Deux Paroisses dépendent du Consulat de Castres dans la Ville et douze à l'extérieur.
Les deux à l'intérieur sont :
La Platé, ou Notre Dame, dont l'Église a été bâtie là où était le clocher de la Platé.
Saint Jacques, dont l'Église était joignant le clocher de Saint Jacques, et aussi plutard le Temple de Ville-goudou.

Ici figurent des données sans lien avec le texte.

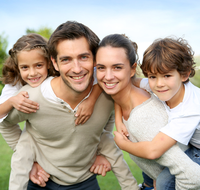 Australian Financial Advisers - Accountant Brisbane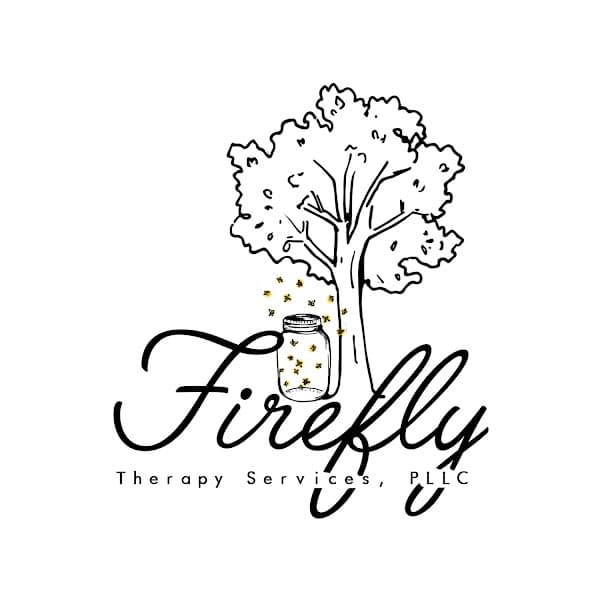 Jennifer Phillips, LCSW at Firefly Therapy Services, PLLC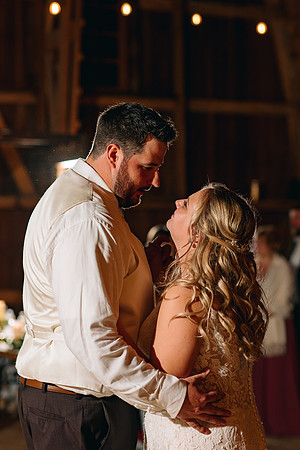 MinneapolisMNWeddingPhotographer-84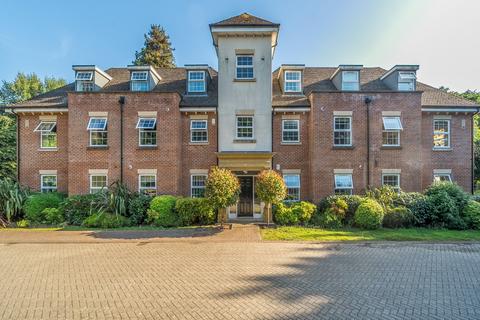 undefined, Chilworth Drove, Chilworth, Southampton, Hampshire, SO16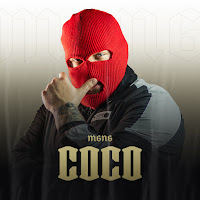 Обложка песни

Celles de l'extérieurs sont les suivantes :
Saint Avit, La Fosse, Saint Etienne de Cahusac, Notre Dame de Farges, Campans, Saint Martin, Saint Hypolite, La Case, Saint Marsal de Camarens, Saint Julien de Gais, Saint Laurens d'Auterive, Sainte Foy, aux fauxbourgs de Castres.
5 septembre 1365
15 avril 1741 Bail à Jean Sendrail du Pujol du port de Saix (Archives de Castres ) Paroisse de Cayrol: Moulin de Villegoudou réédifié en 1604 Moulin à drap sur la Durenque
Pendant la Croisade des Albigeois, une délégation de Castres s'est rendu et à prêté allégeance au croisé Simon de Montfort. Montfort fit brûler, dans l'été 1209, de son propre chef, les deux premiers hérétiques : un Parfait et son disciple. Seul le disciple, qui prit de peur, se rétracta et eut la vie sauve (avec quelques brûlures aux mains).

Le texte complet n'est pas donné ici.